За нынешним Ивано-Франковском (Станиславом) наступление застопорилось. Где-то между Калушем и Сколе, где краевед Теодор Ветвицкий с упоением рассказывал нам о героизме усэсовцев (вздрагиваешь при этом названии украинских сечевых стрельцов, сражавшихся против России), захлебнулось и наступление 7-й армии. Жертвы стали казаться напрасными: «Эти потери были тем более чувствительны, чем слабее было сознание в необходимости их для России... В народных массах доверие к правительству и вера в союзников были окончательно подорваны» (Н.Н.Головин, генерал-лейтенант, начальник штаба 7-й армии). А ведь развитие успеха Юго-Западного фронта другими русскими фронтами, всеми фронтами Антанты могло бы создать условия для окончания войны против Германии и ее союзников уже в 1916 году. К глубокому сожалению, этого не произошло, командующие других фронтов не поддержали наступление, по существу, предали Брусилова, оставили австрийцам и немцам простор для маневра войск. Взяли верх ограниченность мышления, консерватизм, зависть к чужим успехам и другие пороки членов Ставки и высшего командования.
А какой был подъем! «Все это время я получал сотни поздравительных и благодарственных телеграмм от самых разнообразных кругов русских людей. Все всколыхнулось: крестьяне, рабочие, аристократия, интеллигенция, учащаяся молодежь, все бесконечной телеграфной лентой и что сердца их бьются заодно с моей дорогой, окровавленной во имя Родины, но победоносной армией... Это были лучшие дни моей жизни, ибо я жил одной общей радостью со всей Россией», — писал Брусилов.

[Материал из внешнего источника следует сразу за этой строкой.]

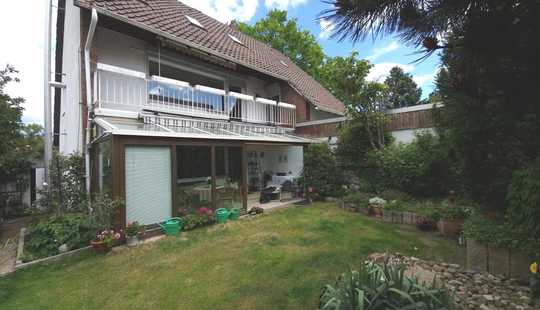 Bild von Zweifamilienhauses in Hannover-Bemerode, mit Wintergarten, Garage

Увы, победоносное счастье было недолгим. И отец мой был ранен уже на излете Брусиловского прорыва, в одном из последних атакующих бросков на Запад. Горький, славный и поучительный опыт.
И время опять Галицийскую браму
раскрыло.
Покуда не видно: а кто ж побеждает, пыля?
Но память народа и в смуту
не знает распыла,
Гляжу я на фото и знаю, что все это было —
И эта держава, и эти отцовы поля...

Фотография на память. В центре — генерал А.А. Брусилов.
Перед Брусиловским прорывом. Крайний справа — поручик Бобров.